Some financially strapped farmers seek allies to increase clout
| Chicago
Protesting farmers are working to cultivate a few more good friends. * On Nov. 1, about 2,500 people in Waterloo, Iowa, turned out for a meeting arranged by a coalition of farm protest groups. Some 150 farmers were joined by unemployed union workers and low-income residents. About half the crowd was black.
* The same day in Virginia, Minn., 175 people attended a dinner and forum aimed at cementing alliances between farmers and steelworkers unions in the area , which have been hit hard by unemployment.
These are the latest of a growing number of attempts at coalition-building by disgruntled farming organizations. They seek to elicit support from union workers, environmentalists, antinuclear protestors, and blacks.
Their message, in the words of Donald Murphy: ''If you eat three times a day, you're part of agriculture.''
Farm protests are nothing new in the United States. Mr. Murphy is one of the founders in Illinois of the American Agricultural Movement, which spearheaded the farm tractorcade to Washington in 1979.
These farmers - seeking help for economic problems brought on by drought, high interest rates, and several years of low crop prices - are interested in stronger voter clout.
These demands for more government intervention do not represent the mainstream of farm groups, such as the American Farm Bureau Federation, which is calling for less federal involvement.
But with a presidential election next year, the pitch of the protest is rising.
''The farmers can't elect a dogcatcher in the US anymore, 'cause there aren't enough of us,'' Murphy says. ''If we don't band together now, we're all going to be out of business.''
The banding together could produce some strange bedfellows, however.
The North American Farm Alliance has reportedly made several contacts with Jesse L. Jackson, the newly announced black presidential candidate, to seek common ground. Protest organizers admit they have an uphill battle to fight if they expect to influence the 1984 elections.
''It's really building bridges where there have been some very large gaps,'' says Daniel Levitas, research consultant with Rural America, a nonprofit educational and advocacy group in Des Moines, Iowa.
The Iowa Farm Unity Coalition, for example, includes state affiliates of his organization, the National Farmers Organization, the Catholic Rural Life Conference, the United Automobile Workers, among others.

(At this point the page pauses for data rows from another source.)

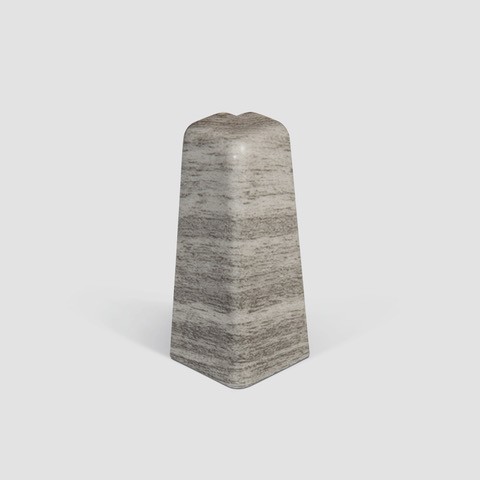 [8869] Doplnky k lištám - Egger / prvky dekorované 6 cm vonkajší roh / DUB ŠEDÝ EG05VO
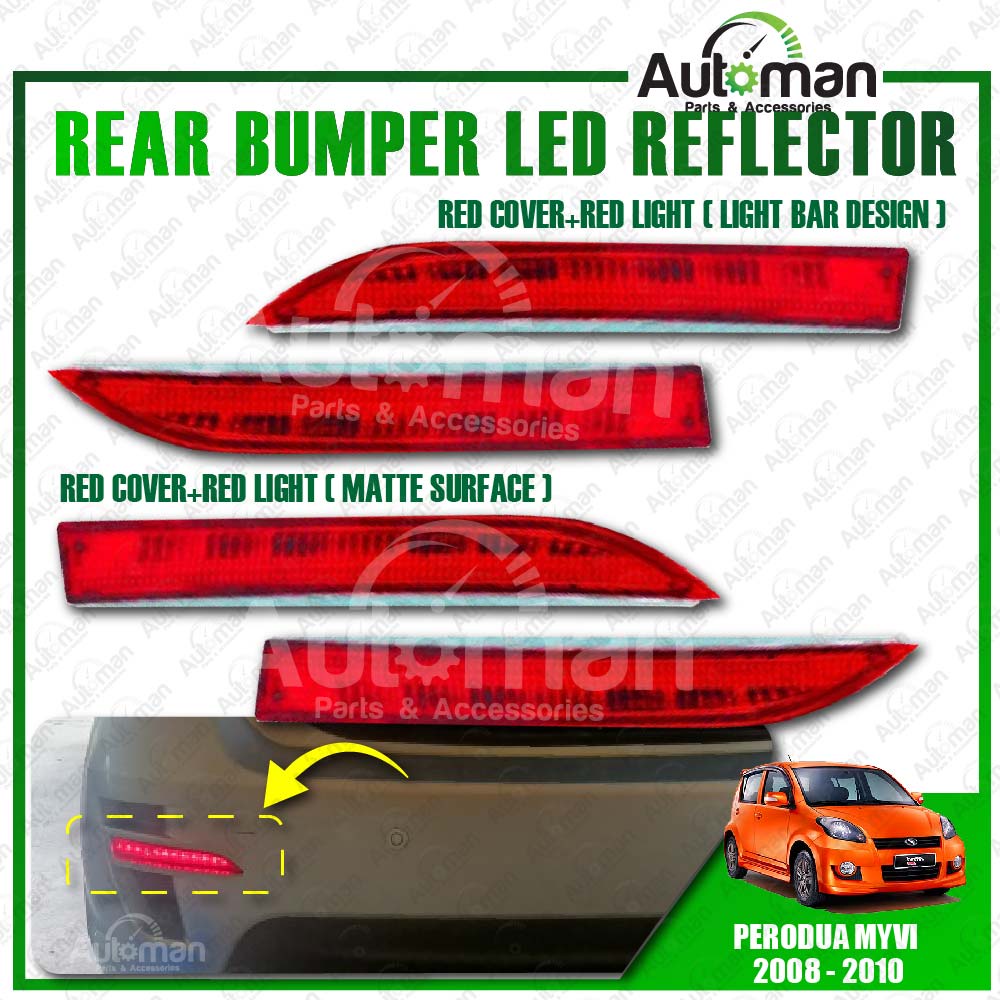 Perodua Myvi 2008 2010 Rear Bumper Reflector LED Brake Lamp Light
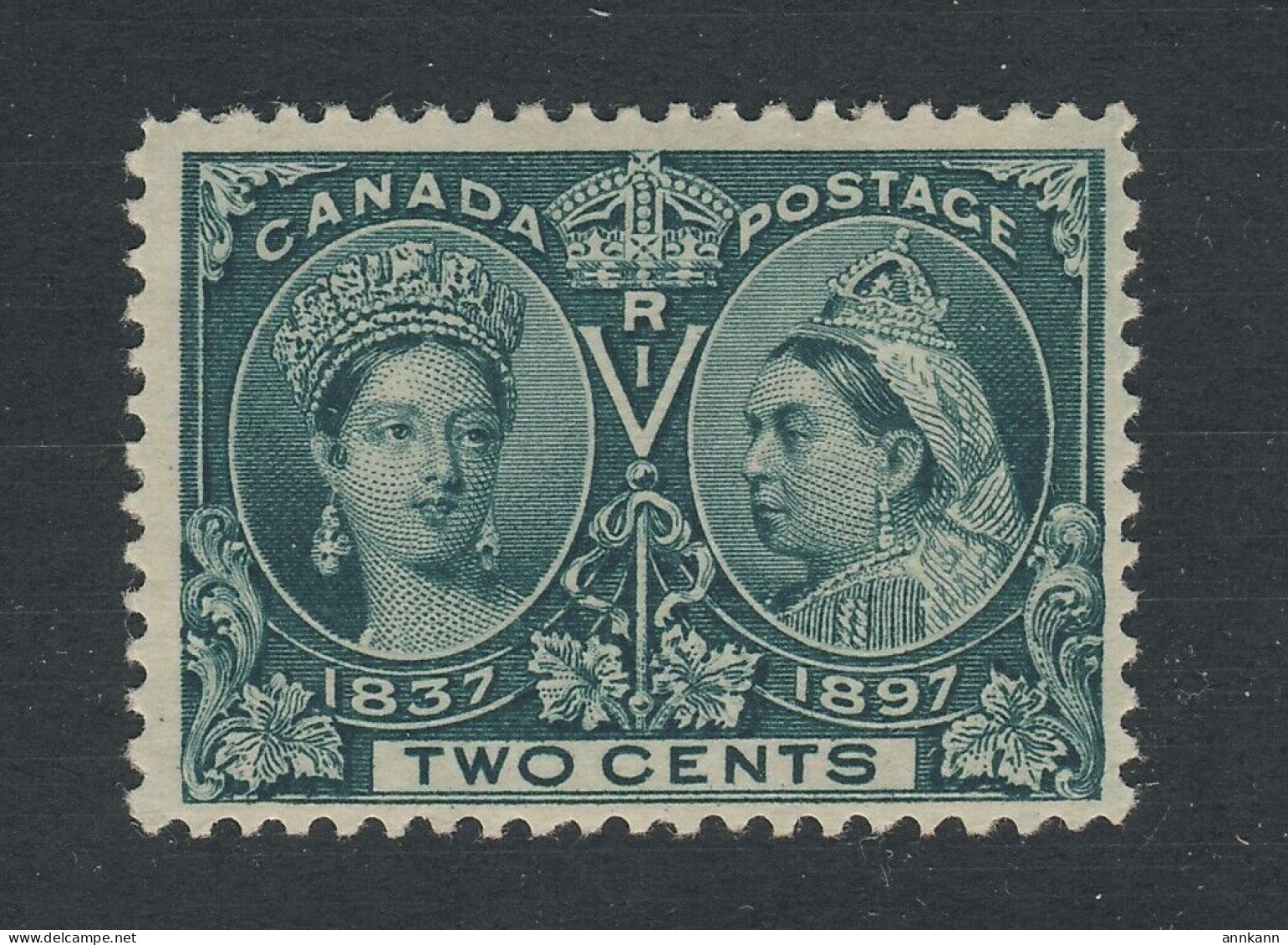 Canada Victoria Jubilee Stamp: #52-2c MLH F/VF Guide Value = $37.50 - Nuovi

Rural paramilitary groups have tried to latch on to the movement, too, but they are becoming discredited, observers say. Farmers were appalled by the brutal killing of two Minnesota bankers this fall, apparently by a farmer dispossessed of his land. No paramilitary group is known to have been connected with the incident.
The biggest problem may not lie in building coalitions, however, but in organizing the farmers themselves, who have a broad array of interests and tend to be a hardy, independent lot.
Marty Strange, codirector for the Center for Rural Affairs in Nebraska, sees three main groups: well-established farmers content to remain well established; new or marginal farmers hurt by a combination of drought, low farm prices, and high interest rates; and the so-called ''young tigers,'' who borrowed heavily to become big-time farmers during the 1970s, when the US geared up for a food-export boom that never materialized.
The protest movement draws strength from elements of these last two groups, he says. The ''young tigers,'' hurt by falling land prices and jittery lenders, are often the most vocal supporters of government intervention.
''There's a real close call to whether we can afford to bail out that kind of behavior,'' says Mr. Strange, whose organization represents small commercial farmers. His group is specifically urging that farm relief be targeted to family-sized farms, while the other groups talk about general farm relief.
In essence, most protest groups ''want regulation during the hard times, but will they support it in the good times?'' he asks. ''That's a test that farm protest movements have failed in the past.''
In Illinois, for example, protest organizing has been limited, observers say, probably because farmers here generally seem to be better off than in some other states.
''Generally speaking, the worse you're hurt, the louder you yell,'' says Harold Dodd, president of the Illinois Farmers Union in Springfield.
And in this state, as well as in the mainstream of US farmers, there doesn't appear to be too much yelling yet.